PfSense underperforming, high jitter + random packet loss



  • I could use some help in troubleshooting this issue which I've recently uncovered. Some background information on my setup:

    PC is a Windows 8.1 HTPC that is always on and uses a Ceton tuner to record live TV. It has an i5-2500k processor, Asus P8Z68-Pro mobo, an Intel PRO/1000 PT Dual Port Server Adapter, and 8GB of ram. I use Cox internet on an Arris SB8200 with the 150/10 tier internet. pfSense runs as a Hyper-V VM with exclusive access to the two NIC interfaces.
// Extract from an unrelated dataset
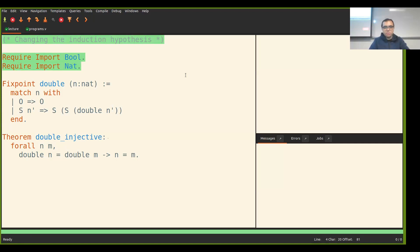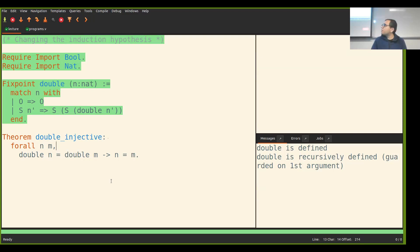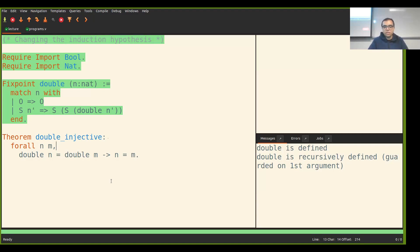We have all the library functions for booleans and natural numbers. Let's define a recursive function called `double` which takes a natural number n and doubles it. We do pattern matching on n: if n is zero then double of n is also zero, and if n is the successor of n prime then we take the double of n prime and apply the successor twice. This is the first theorem I want you to prove: that `double` is injective — for all natural numbers n and m, if double of n equals double of m then n equals m. You have to prove this by induction.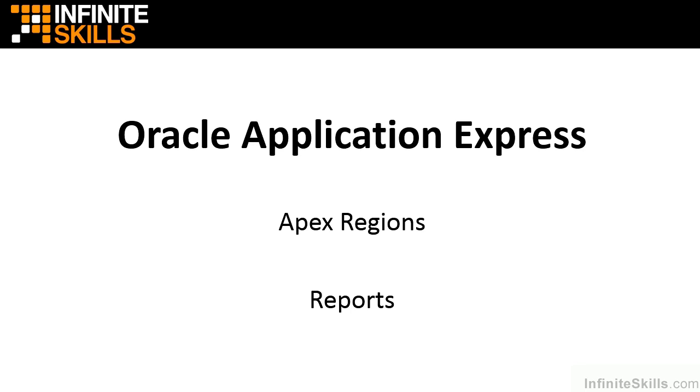In this lesson, we're going to take a look at something that's fundamental to virtually every type of modern web application, and that's reporting. Oracle Apex gives you a lot of different ways of creating reports inside of your application, but we're going to walk through each one of those different types in these set of lessons.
    For months I've had pfSense running my LAN with 2 VLANs; VLAN 1 for default network connectivity and VLAN 5 for devices that want to connect to the internet via policy based routing through my privacy VPN. As part of troubleshooting this problem I removed the VLAN configuration and simplified back down to 2 NIC interfaces and disabled the privacy VPN. At the same time I've been working with my ISP to fix numerous noise issues in the HFC plant in my area, so I have smokeping running on an AWS instance hitting my CMTS and Modem separately with pings every 30 seconds to check packet loss. The plant noise is gone but the red flag was some lingering low-grade packet loss I was seeing.

    Having said that: the primary issue I'm having is pfSense routing performance. It introduces unexplained jitter and frequent stalls in packet processing (especially when traffic shaping is turned on) to the point that I notice it quite severely during online gaming and VoIP calls.

    I finally realized it was pfSense after getting frustrated and trying the following which failed to net any change whatsoever:

    1. starting a new pfSense VM from scratch to validate it was some config change I made
    2. Booting pfSense directly without a hypervisor to validate it was not hyper-v getting in the way
    3. Moving to an entirely new x86 machine and running natively to validate it was not some Z68 or I5-2500K latency issue

    I was finally convinced it was actually pfSense itself that was to blame when I decided to boot up an old Untangle VM I had lying around from back when I decided to try it. The jitter and momentary connection stalls were immediately gone and I haven't had any measurable packet loss while running that VM. To be clear this is not coming from my ISP or CPE; in the span of about 1 minute I shutdown the pfSense VM and boot up the Untangle VM and it all disappears.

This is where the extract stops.